◆ **Work item**
From the entries below, output the line with "Патрубок охл. для" and each following line up to and including the line with "2.7cf Refrigerator - White", exactly as written.

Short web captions
☆ ☆ ☆ ☆ ☆ ☆ ☆
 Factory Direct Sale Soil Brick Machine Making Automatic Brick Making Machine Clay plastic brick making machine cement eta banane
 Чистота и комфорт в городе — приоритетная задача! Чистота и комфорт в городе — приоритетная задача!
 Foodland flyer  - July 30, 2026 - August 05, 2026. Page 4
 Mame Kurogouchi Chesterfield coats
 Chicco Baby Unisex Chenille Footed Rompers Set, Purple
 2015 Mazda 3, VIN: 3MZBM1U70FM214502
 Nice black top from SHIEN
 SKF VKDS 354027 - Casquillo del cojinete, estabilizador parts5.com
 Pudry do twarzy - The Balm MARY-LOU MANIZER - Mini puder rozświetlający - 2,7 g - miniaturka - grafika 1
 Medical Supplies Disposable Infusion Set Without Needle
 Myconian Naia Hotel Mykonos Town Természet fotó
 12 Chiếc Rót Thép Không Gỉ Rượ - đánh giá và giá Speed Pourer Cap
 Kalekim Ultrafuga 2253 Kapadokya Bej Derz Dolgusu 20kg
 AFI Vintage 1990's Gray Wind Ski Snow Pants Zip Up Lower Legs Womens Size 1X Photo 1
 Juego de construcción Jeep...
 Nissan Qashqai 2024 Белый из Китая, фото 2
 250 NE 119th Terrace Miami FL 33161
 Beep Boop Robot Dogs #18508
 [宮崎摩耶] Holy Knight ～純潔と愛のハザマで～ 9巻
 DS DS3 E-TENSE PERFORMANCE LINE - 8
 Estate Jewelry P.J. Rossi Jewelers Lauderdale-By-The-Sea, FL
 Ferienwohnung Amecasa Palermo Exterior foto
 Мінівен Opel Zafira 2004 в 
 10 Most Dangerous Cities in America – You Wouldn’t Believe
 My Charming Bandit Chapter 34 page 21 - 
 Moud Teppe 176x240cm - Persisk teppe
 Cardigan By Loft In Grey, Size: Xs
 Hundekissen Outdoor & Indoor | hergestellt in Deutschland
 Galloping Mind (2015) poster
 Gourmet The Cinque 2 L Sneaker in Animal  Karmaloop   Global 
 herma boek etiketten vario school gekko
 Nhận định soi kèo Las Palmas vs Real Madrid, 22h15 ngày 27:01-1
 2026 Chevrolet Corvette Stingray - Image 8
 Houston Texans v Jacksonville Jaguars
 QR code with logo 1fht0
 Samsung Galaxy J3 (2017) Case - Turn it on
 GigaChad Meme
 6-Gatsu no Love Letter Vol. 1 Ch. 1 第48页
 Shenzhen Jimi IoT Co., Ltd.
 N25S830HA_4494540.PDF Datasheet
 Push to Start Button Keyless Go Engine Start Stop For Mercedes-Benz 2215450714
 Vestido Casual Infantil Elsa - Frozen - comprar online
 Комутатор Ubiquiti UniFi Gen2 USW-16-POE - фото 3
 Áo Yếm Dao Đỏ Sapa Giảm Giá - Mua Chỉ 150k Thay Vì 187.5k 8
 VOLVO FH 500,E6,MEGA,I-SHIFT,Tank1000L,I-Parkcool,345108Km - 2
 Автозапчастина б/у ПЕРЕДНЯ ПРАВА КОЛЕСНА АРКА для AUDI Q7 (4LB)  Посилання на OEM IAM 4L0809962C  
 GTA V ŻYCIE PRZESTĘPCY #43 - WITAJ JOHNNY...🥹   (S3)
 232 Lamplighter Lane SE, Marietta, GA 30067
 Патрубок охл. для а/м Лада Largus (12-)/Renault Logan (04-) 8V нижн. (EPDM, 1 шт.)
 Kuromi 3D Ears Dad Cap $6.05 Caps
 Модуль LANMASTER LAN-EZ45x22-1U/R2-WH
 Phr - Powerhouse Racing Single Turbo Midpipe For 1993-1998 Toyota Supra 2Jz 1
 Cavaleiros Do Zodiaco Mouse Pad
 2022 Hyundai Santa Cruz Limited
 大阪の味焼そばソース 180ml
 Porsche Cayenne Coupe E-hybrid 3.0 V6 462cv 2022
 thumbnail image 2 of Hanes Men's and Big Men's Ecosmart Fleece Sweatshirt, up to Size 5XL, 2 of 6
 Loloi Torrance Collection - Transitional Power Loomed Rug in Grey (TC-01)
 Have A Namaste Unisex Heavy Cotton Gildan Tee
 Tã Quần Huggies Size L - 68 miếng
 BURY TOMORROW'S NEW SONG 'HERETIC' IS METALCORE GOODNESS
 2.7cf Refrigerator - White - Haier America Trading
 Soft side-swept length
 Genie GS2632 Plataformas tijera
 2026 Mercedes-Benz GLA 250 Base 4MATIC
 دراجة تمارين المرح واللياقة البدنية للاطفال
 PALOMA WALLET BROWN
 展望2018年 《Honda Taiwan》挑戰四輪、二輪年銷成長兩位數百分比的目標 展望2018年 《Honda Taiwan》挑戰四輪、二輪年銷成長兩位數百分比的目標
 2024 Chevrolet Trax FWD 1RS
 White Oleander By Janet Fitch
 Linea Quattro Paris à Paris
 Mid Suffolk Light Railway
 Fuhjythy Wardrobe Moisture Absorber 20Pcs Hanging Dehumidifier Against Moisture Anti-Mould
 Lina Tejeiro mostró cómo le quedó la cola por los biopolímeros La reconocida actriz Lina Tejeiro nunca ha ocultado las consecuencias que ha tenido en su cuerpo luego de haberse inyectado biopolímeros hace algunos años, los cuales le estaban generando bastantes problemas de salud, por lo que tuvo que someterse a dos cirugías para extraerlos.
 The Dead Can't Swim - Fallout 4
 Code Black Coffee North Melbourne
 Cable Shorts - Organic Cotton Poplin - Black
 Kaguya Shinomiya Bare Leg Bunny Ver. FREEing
☆ ☆ ☆ ☆ ☆ ☆ ☆
◆ **Result of this task**
 Патрубок охл. для а/м Лада Largus (12-)/Renault Logan (04-) 8V нижн. (EPDM, 1 шт.)
 Kuromi 3D Ears Dad Cap $6.05 Caps
 Модуль LANMASTER LAN-EZ45x22-1U/R2-WH
 Phr - Powerhouse Racing Single Turbo Midpipe For 1993-1998 Toyota Supra 2Jz 1
 Cavaleiros Do Zodiaco Mouse Pad
 2022 Hyundai Santa Cruz Limited
 大阪の味焼そばソース 180ml
 Porsche Cayenne Coupe E-hybrid 3.0 V6 462cv 2022
 thumbnail image 2 of Hanes Men's and Big Men's Ecosmart Fleece Sweatshirt, up to Size 5XL, 2 of 6
 Loloi Torrance Collection - Transitional Power Loomed Rug in Grey (TC-01)
 Have A Namaste Unisex Heavy Cotton Gildan Tee
 Tã Quần Huggies Size L - 68 miếng
 BURY TOMORROW'S NEW SONG 'HERETIC' IS METALCORE GOODNESS
 2.7cf Refrigerator - White - Haier America Trading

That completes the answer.